Ao escrevermos o último capítulo deste pequeno manual, designadamente quando formulámos as últimas questões para discussão,
ficou-nos a desagradável sensação de poder ter escrito a mais sobre alguns temas, com manifesto prejuízo de outros, ao mesmo tempo que sentíamos
faltar-nos espaço e tempo para nos debruçarmos sobre os assuntos mais candentes dos novos desafios que se abrem ao gestor internacional no campo da escolha da localização óptima das unidades, na organização e governação das empresas e no uso da Internet na busca de novas configurações.
Cremos, no entanto, poder confirmar a nossa intuição de que a "novidade" da gestão internacional continua a residir na problemática de conseguir o encontro cultural e na adequada gestão das pessoas em consonância com as suas aptidões actuais e as suas capacidades de as melhorar no futuro, sem esquecer o posicionamento ético que, manifestamente, não pode ser "atirado para debaixo do tapete".
A intensificação da globalização, incluindo a sedimentação da economia digital e a ubiquidade crescente da Internet, não põem em causa, antes agravam, a necessidade e a urgência de aprofundar as questões éticas e culturais,
dando-lhes novos contornos e reconfigurando o problema da comunicação e da liderança.
Mas outra conclusão é para nós evidente: não há unanimidade sobre a influência da globalização nos diversos campos da gestão, com ênfase na natureza da liderança. Sobrevêm amplos campos de debate como, por exemplo, a identificação da liderança nas equipas, que são cada vez mais "conjunto de iguais".
Ligado a esse problema de liderança, ou ausência dela, está o assunto da autoridade e do seu entendimento, sendo legítimo
perguntarmo-nos, como faz R. Sennet, se o trabalho em equipa, de constituição fugaz, não é mesmo um processo de tentar ultrapassar o problema da autoridade e, consequentemente, da responsabilidade.
E sem responsabilidade não há referências éticas, emergindo a tentação (ou a imposição) do modelo mecanicista de desenvolvimento económico, alicerçado numa necessária evolução tecnológica pretensamente em termos de princípios.
Com globalização ou sem ela, com maior ou menor difusão e influência da Internet no futuro próximo, o gestor de um projecto internacional vai ter que fazer opções em ambiente incerto e de grande mutabilidade que mexem com a sua vida, com a vida de outros e, inexoravelmente, com os próprios ecossistemas sociais.
A questão essencial é a fidelidade a uma empresa (e o que é a empresa?) ou a fidelidade à sociedade em que se insere e até ao desenvolvimento do género humano, como um todo?

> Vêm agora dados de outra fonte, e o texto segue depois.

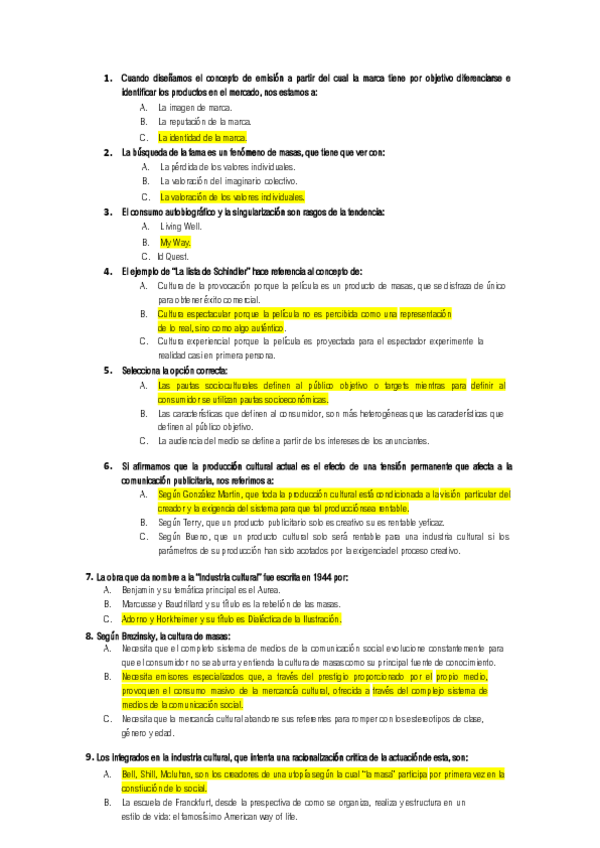 Miniatura del documento Examen-cultura-JUNIO-2020.pdf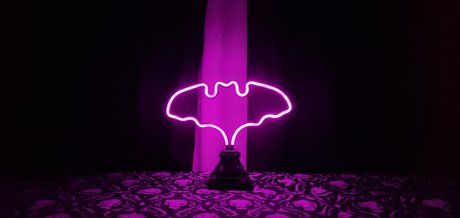 The Benny Cruzer porn onlyfans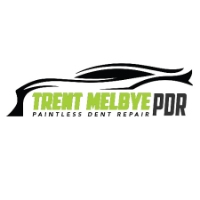 Trent Melbye PDR LLC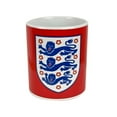 thumbnail image 1 of England FA Three Lions Tasse, 1 of 4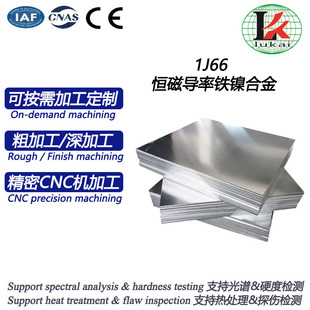 ����1J66�F懺Ͻ���ܛ�ű������܈����վ����_Ƭ�ӹ���������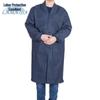 Denim Werkjas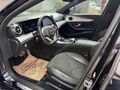 AKIN AUTODAN E180 AMG İMZALI SERİ 129.000 KM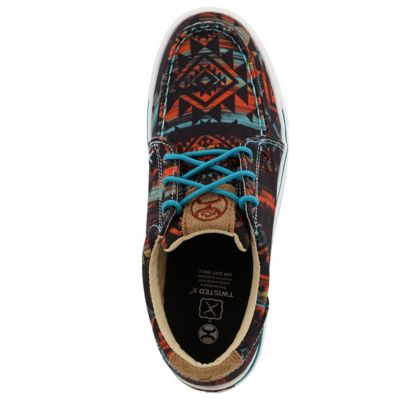 Image showing  Women's Hooey Loper, WHYC019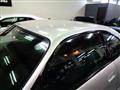 1995 Nissan Skyline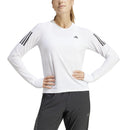ADIDAS OTR B LS IK7437 T-SHIRT LONG SLEEVE RUNNING (W)-2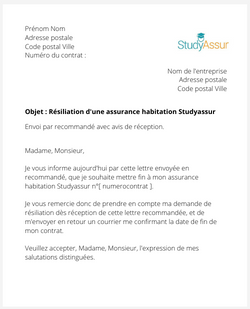 descoperă asigurarea noastră de locuință special concepută pentru studenți. protejați-vă casa și bunurile personale la un preț accesibil, beneficiind în același timp de o acoperire cuprinzătoare și de servicii dedicate clienților.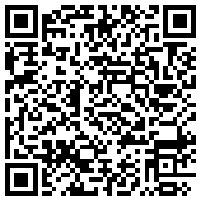 QR Code for bitcoin:bitcoin:bitcoin:bitcoin:bitcoin:bitcoin:litecoin:MLb9CvLFnDsjLWMdx4CpEcLR2BkeugMvHp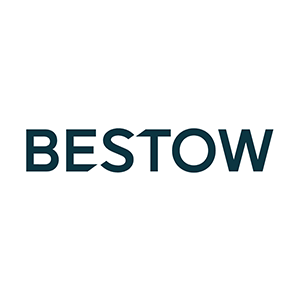 Bestow Affiliate Program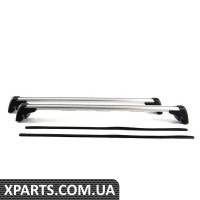82710415052 BMW Базові стрижні багажника на даху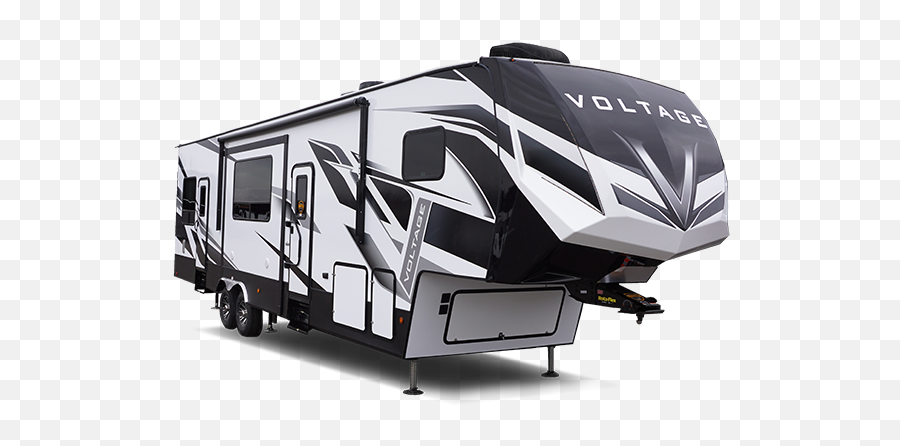 Rv Blogs Rv Living U0026 Travel Blog Feed Lifestyle U0026 Tips - Voltage Triton 3571 Emoji,Toyed Emotions Trailer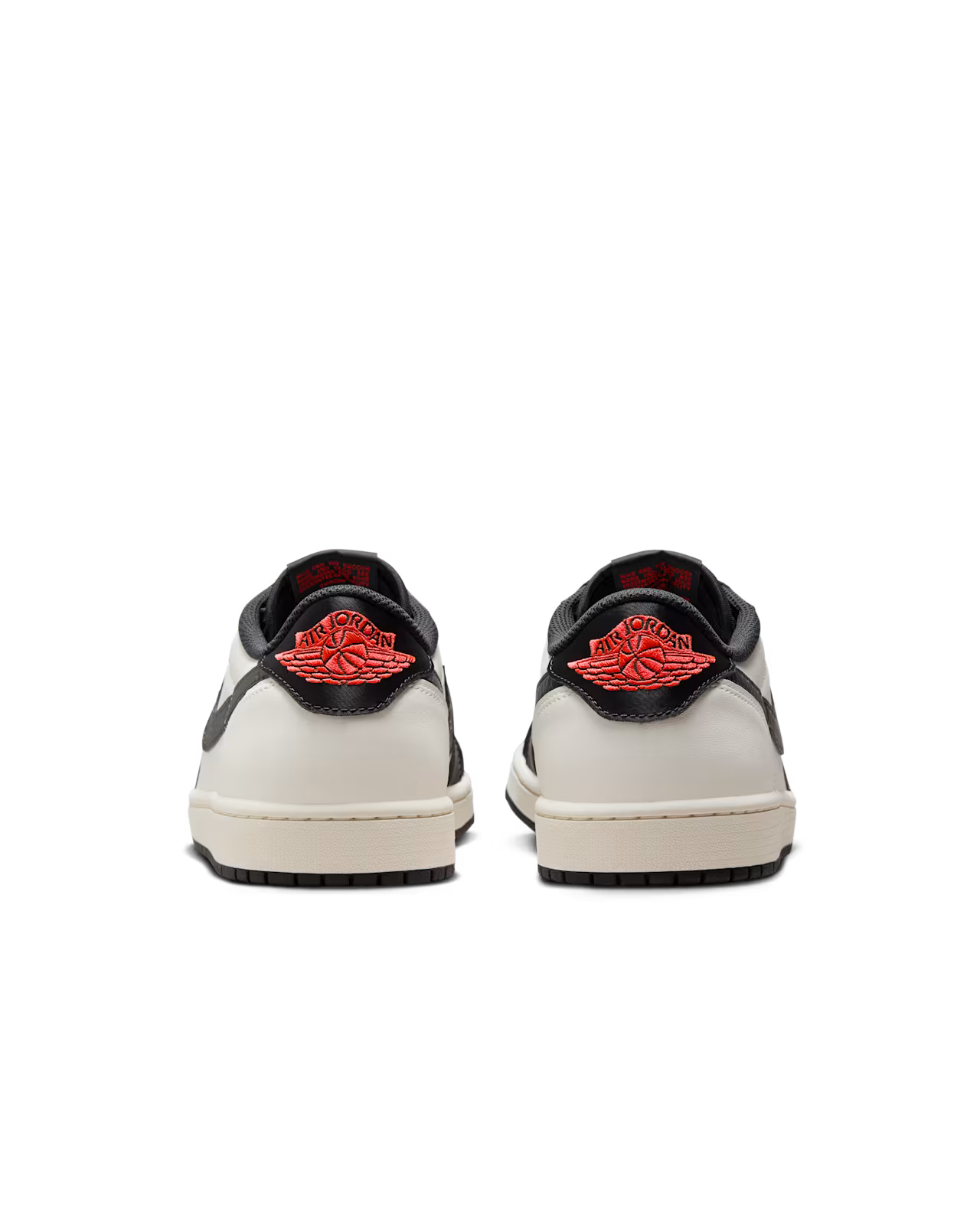 Air Jordan 1 Retro Low OG PSG Paris Saint-Germain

A possibilidade de o dilema se transformar em solução conjugada depende muito do modo como o conceito de empresa vai evoluir e, em particular, do modo como os accionistas definam os seus objectivos.
Mas, quer queira quer não, com maior ou menor influência de liderança individual, ao gestor do projecto caberá sempre uma marca decisiva no desenho do caminho do futuro, nem que seja indirectamente com a fuga à resposta directa ao dilema.
Por isso mesmo, terminamos com uma proposta de reflexão metodológica baseada no
Relatório de Desenvolvimento Humano 1999, no seu capítulo "Reinventar a governação global - para a humanidade e a equidade", em que são apresentados marcos que a todos desafiam:
-
É necessário reinventar a governação mundial. Ela não é uma opção, mas um imperativo para o século XXI.
-
As empresas multinacionais precisam ser abrangidas pela estrutura da governação mundial e não apenas pelo retalho de leis, regras e
regulamentações nacionais.
-
Cultura, comunidade e segurança humana estão interligadas, mas demasiadas vezes debilitadas por invasões da globalização.
-
Os extremos de desigualdade permeiam e envenenam a globalização, polarizando muitas tentativas razoáveis e desejáveis de a gerir melhor.
Todos os gestores sabem que uma das condições básicas para uma boa gestão é um perfeito entendimento do ambiente em que se inserem.
Pois bem, o ambiente é cada vez mais o Mundo, mas um Mundo que se quer diferenciado, se essa for (também e muito) a opção do gestor.
Os desafios estão postos: a escolha é sua.